» **What you need to do**
Retype the listing found below exactly, but leave out each picture.

» **Recorded information**
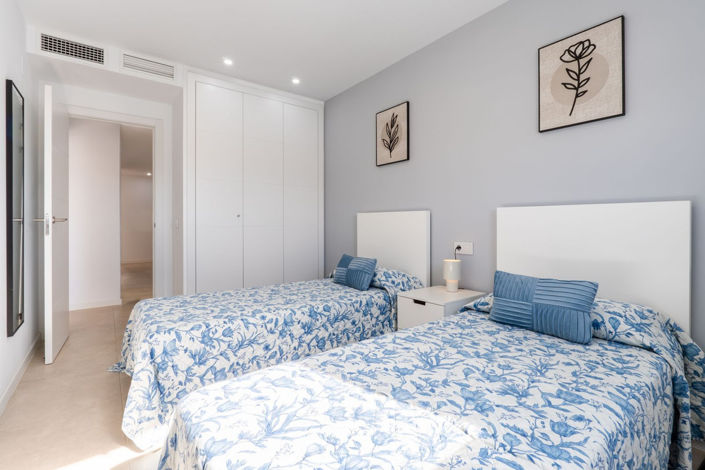 Image No.15-4 Bed Townhouse for sale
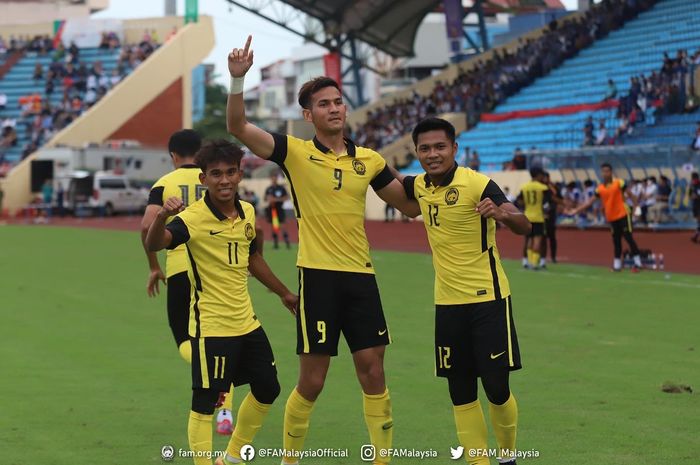 Pemain timnas U-23 Malaysia merayakan gol yang dicetak oleh Muhammad Hadi Fayyadh pada laga melawan Kamboja di SEA Games 2021.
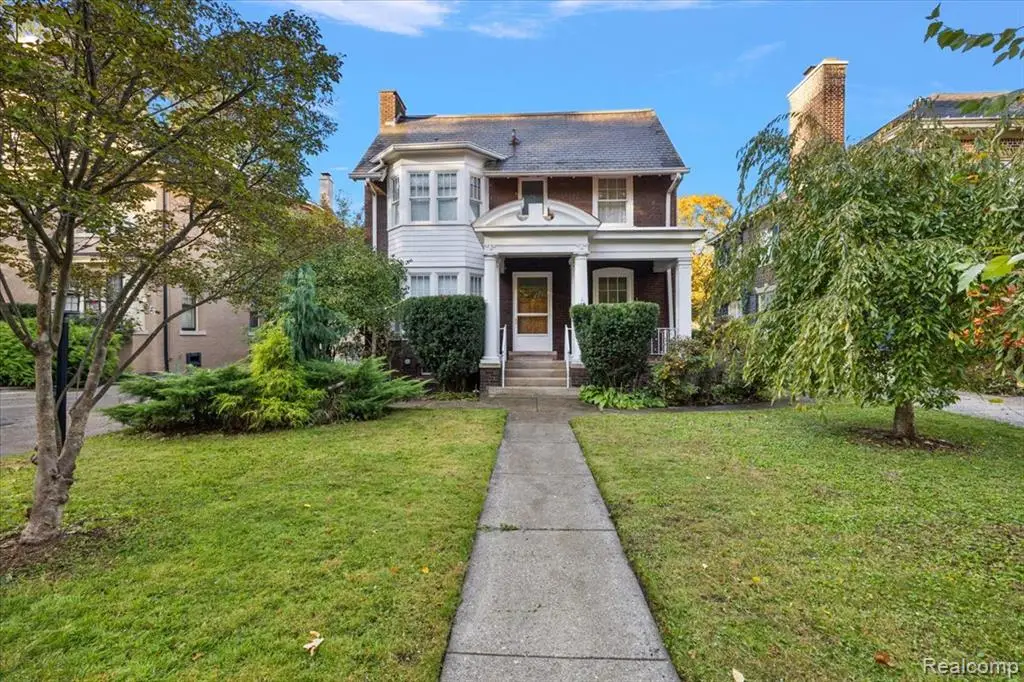 2233 Iroquois, Detroit, MI 48214 - #1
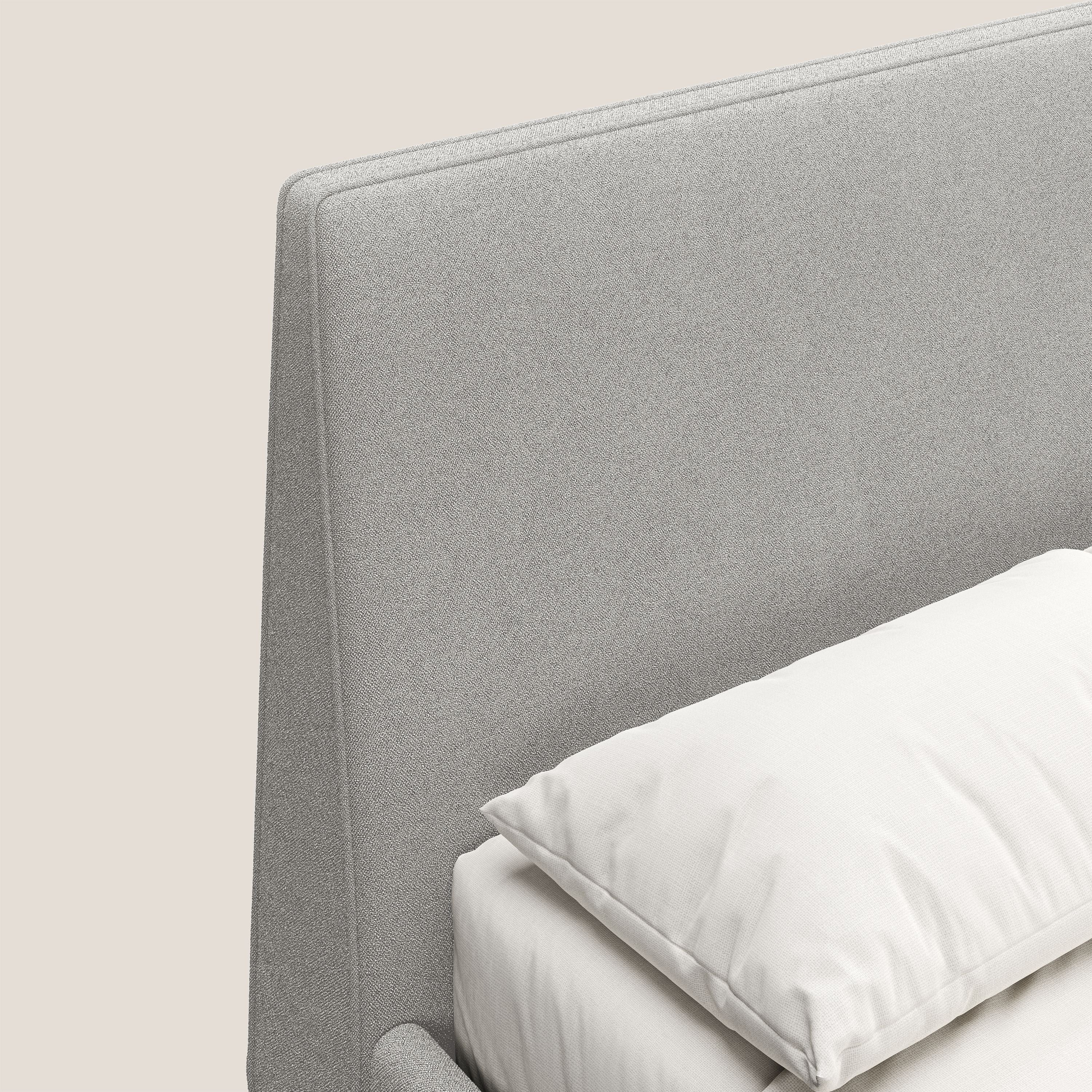 Dorotea letto imbottito con piedi in legno in morbido bouclé impermeabile T07 grigio - divani.store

» **Written answer**
 Image No.15-4 Bed Townhouse for sale
 Pemain timnas U-23 Malaysia merayakan gol yang dicetak oleh Muhammad Hadi Fayyadh pada laga melawan Kamboja di SEA Games 2021.
 2233 Iroquois, Detroit, MI 48214 - #1
 Dorotea letto imbottito con piedi in legno in morbido bouclé impermeabile T07 grigio - divani.store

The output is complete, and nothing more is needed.